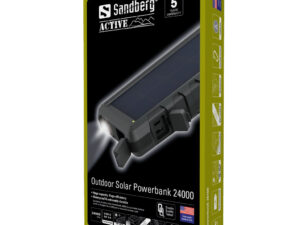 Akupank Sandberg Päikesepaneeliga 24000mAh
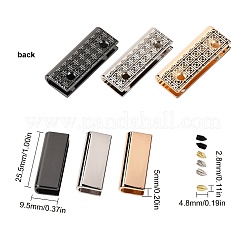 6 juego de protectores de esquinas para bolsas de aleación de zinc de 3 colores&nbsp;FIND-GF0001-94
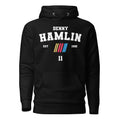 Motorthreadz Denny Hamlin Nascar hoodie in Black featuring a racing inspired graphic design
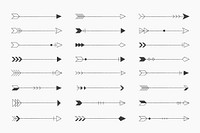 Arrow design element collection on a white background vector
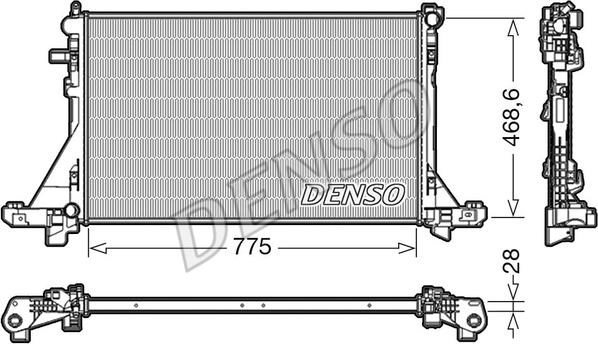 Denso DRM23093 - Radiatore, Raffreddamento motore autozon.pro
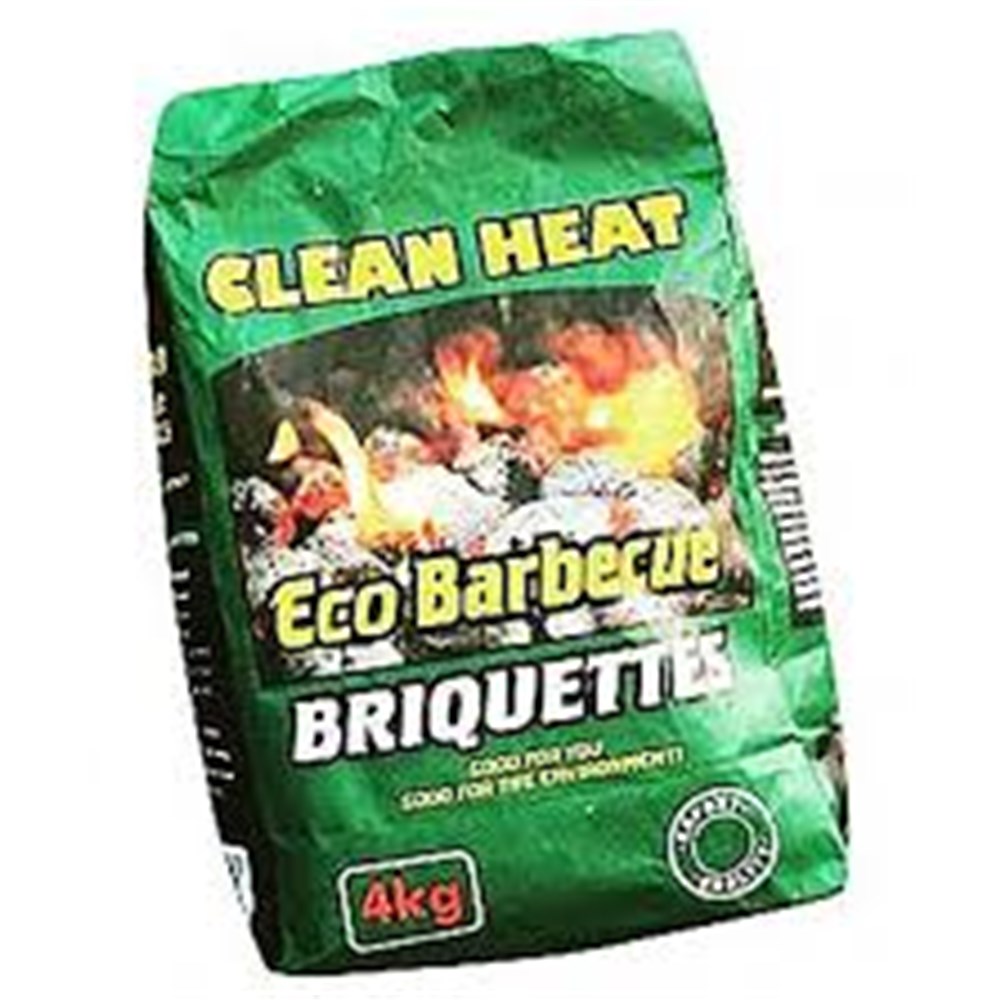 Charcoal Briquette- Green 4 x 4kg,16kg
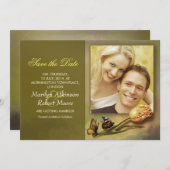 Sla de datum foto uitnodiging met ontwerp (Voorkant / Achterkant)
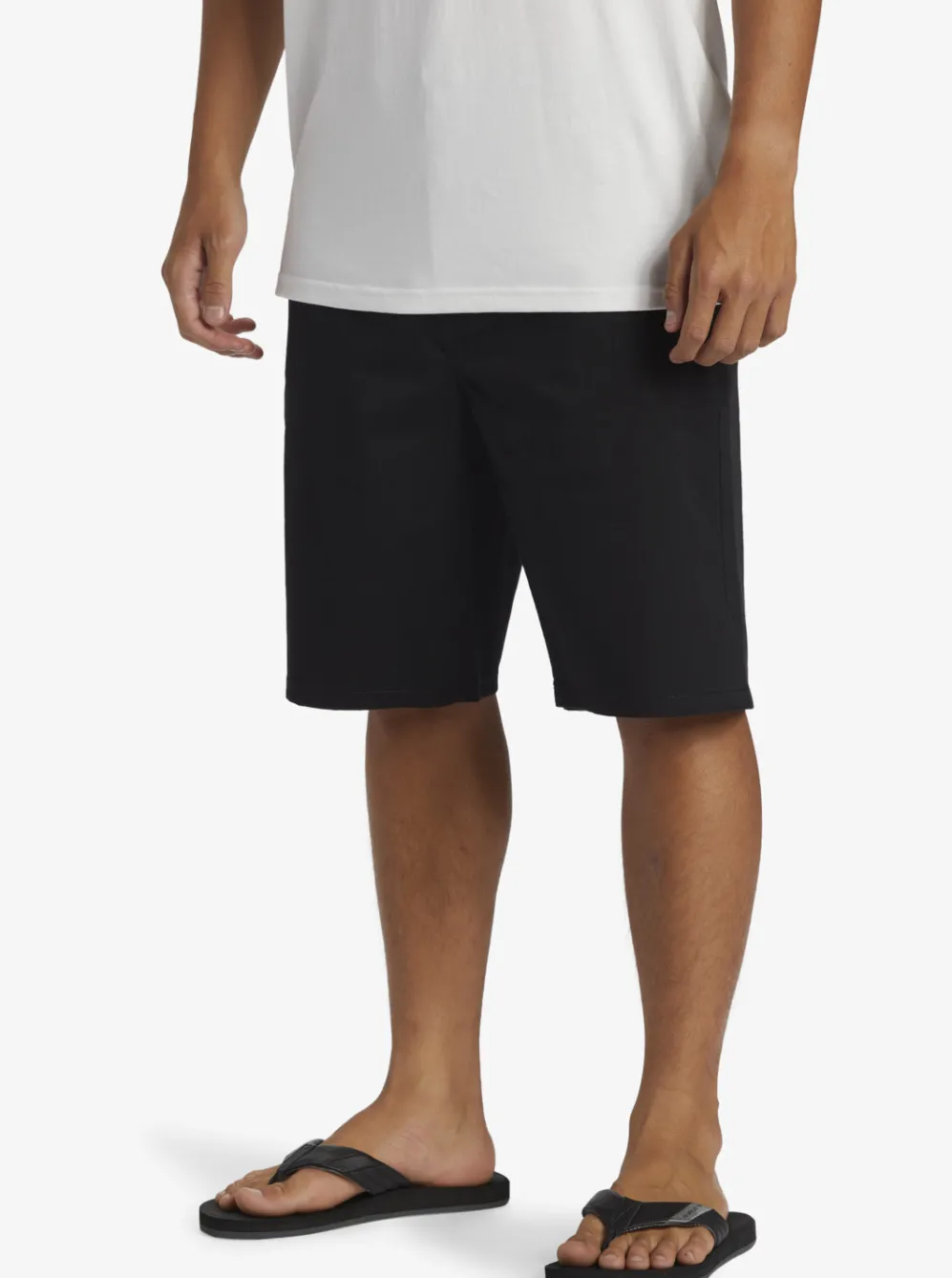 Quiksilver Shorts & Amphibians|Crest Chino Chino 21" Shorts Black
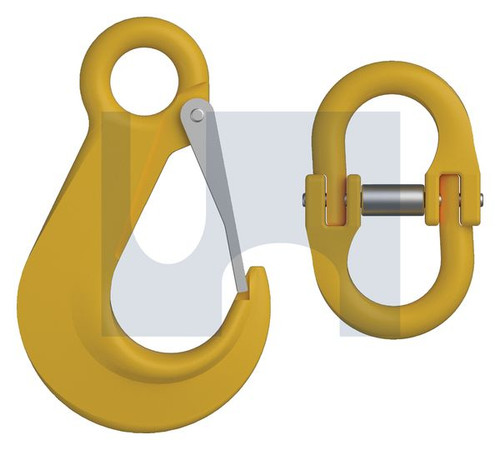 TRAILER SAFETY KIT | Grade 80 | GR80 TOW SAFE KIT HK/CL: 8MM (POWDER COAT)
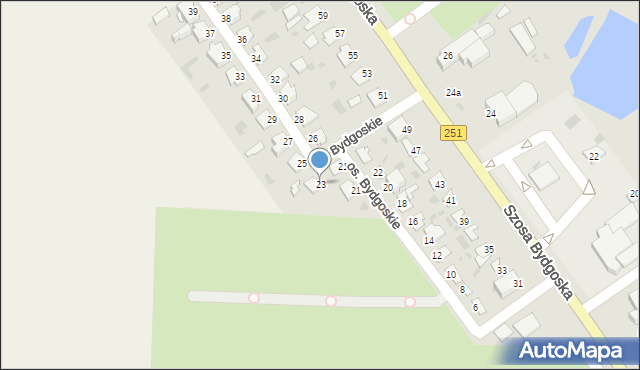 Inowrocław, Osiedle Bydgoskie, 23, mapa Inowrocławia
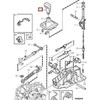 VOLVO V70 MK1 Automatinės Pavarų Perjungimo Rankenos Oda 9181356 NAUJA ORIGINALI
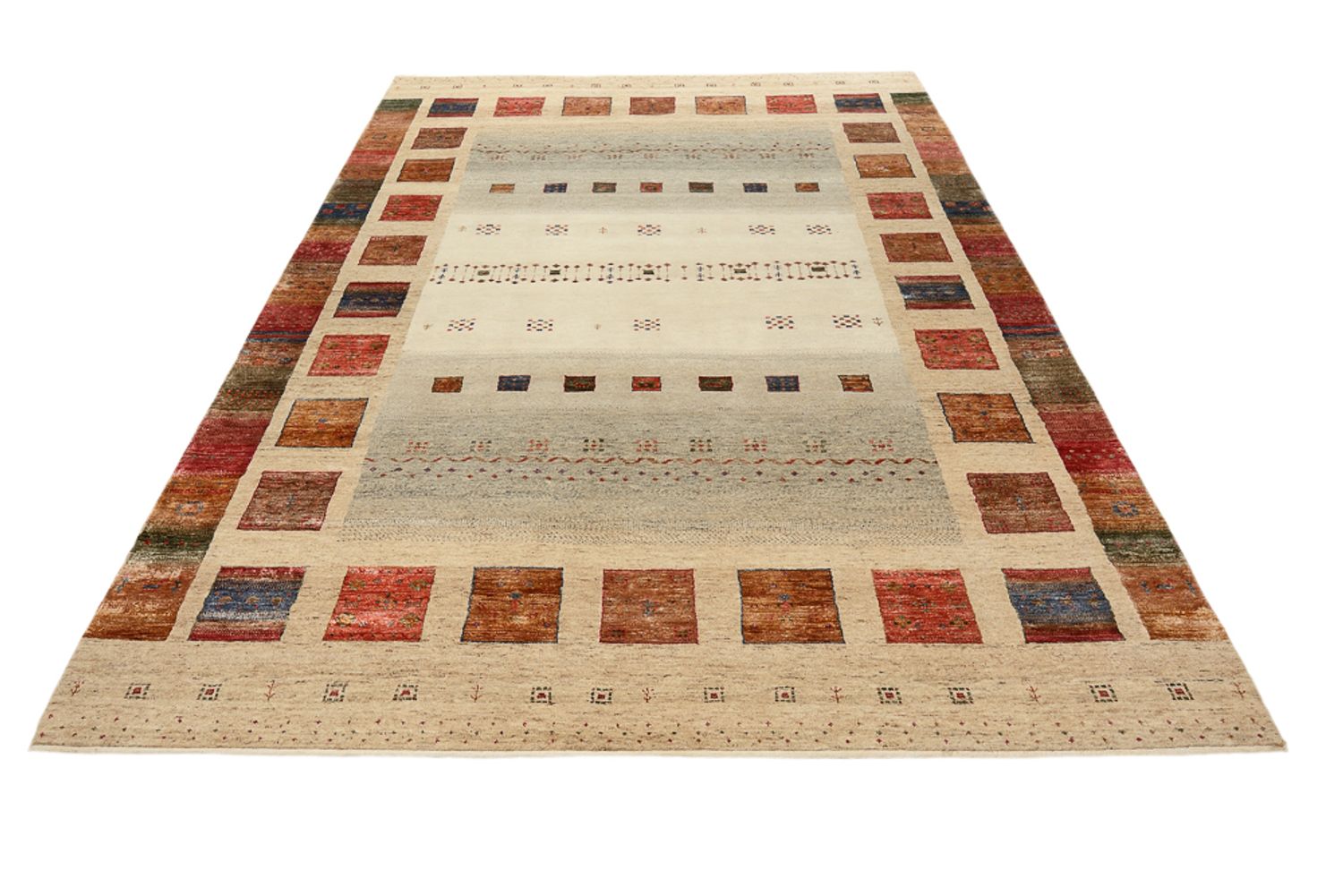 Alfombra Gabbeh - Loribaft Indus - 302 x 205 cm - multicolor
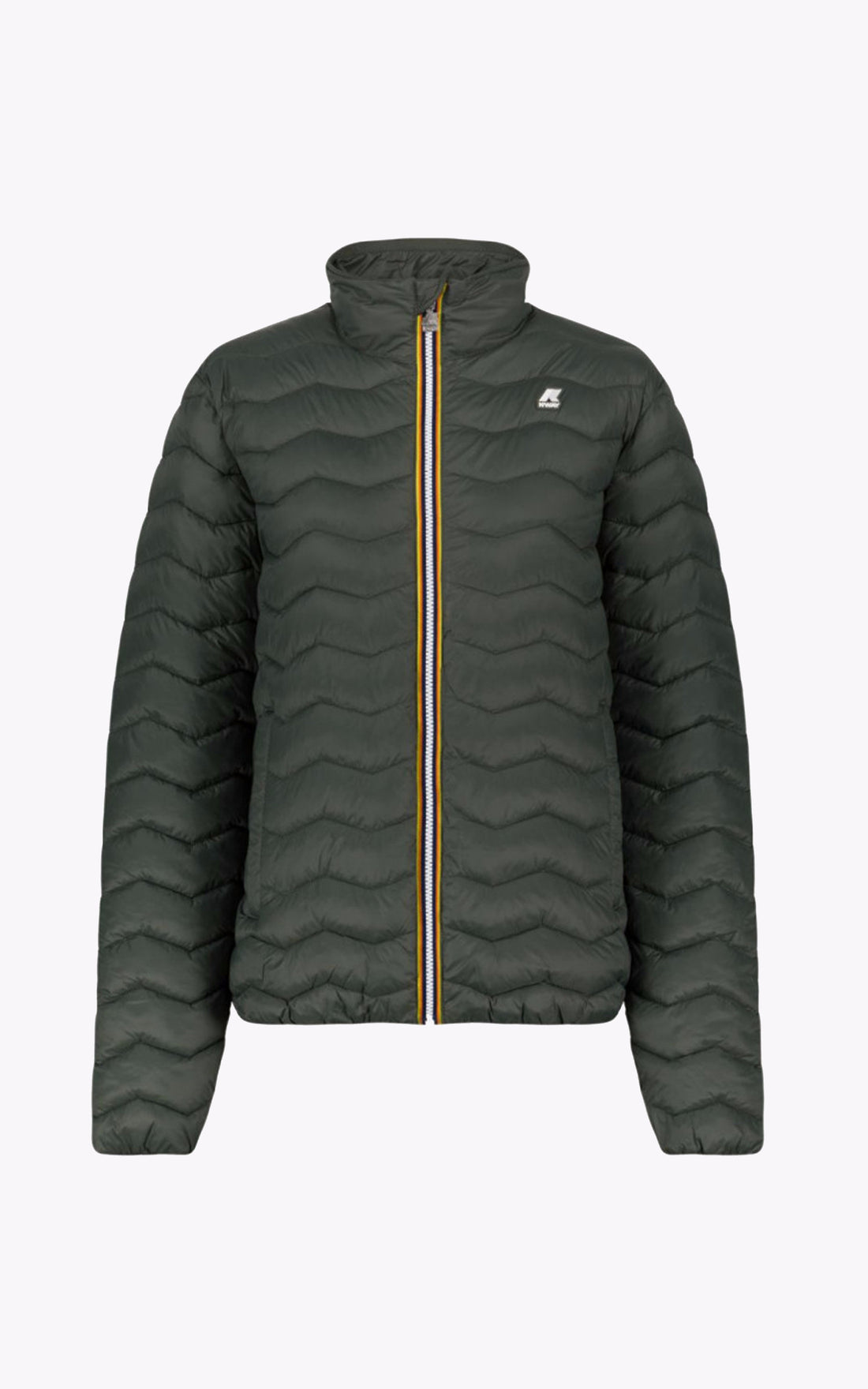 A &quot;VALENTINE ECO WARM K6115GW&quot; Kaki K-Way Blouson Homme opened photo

__________

◆ **Problem requirements**:
Output each entry exactly. Skip the pictures.

◆ **Your response**:
 Akupank Sandberg Päikesepaneeliga 24000mAh
 6 juego de protectores de esquinas para bolsas de aleación de zinc de 3 colores&nbsp;FIND-GF0001-94
 Motorthreadz Denny Hamlin Nascar hoodie in Black featuring a racing inspired graphic design
 Arrow design element collection on a white background vector
 Denso DRM23093 - Radiatore, Raffreddamento motore autozon.pro
 Charcoal Briquette- Green 4 x 4kg,16kg
 Sla de datum foto uitnodiging met ontwerp (Voorkant / Achterkant)
 Quiksilver Shorts & Amphibians|Crest Chino Chino 21" Shorts Black
 TRAILER SAFETY KIT | Grade 80 | GR80 TOW SAFE KIT HK/CL: 8MM (POWDER COAT)
 Inowrocław, Osiedle Bydgoskie, 23, mapa Inowrocławia
 VOLVO V70 MK1 Automatinės Pavarų Perjungimo Rankenos Oda 9181356 NAUJA ORIGINALI
 Alfombra Gabbeh - Loribaft Indus - 302 x 205 cm - multicolor
 A &quot;VALENTINE ECO WARM K6115GW&quot; Kaki K-Way Blouson Homme opened photo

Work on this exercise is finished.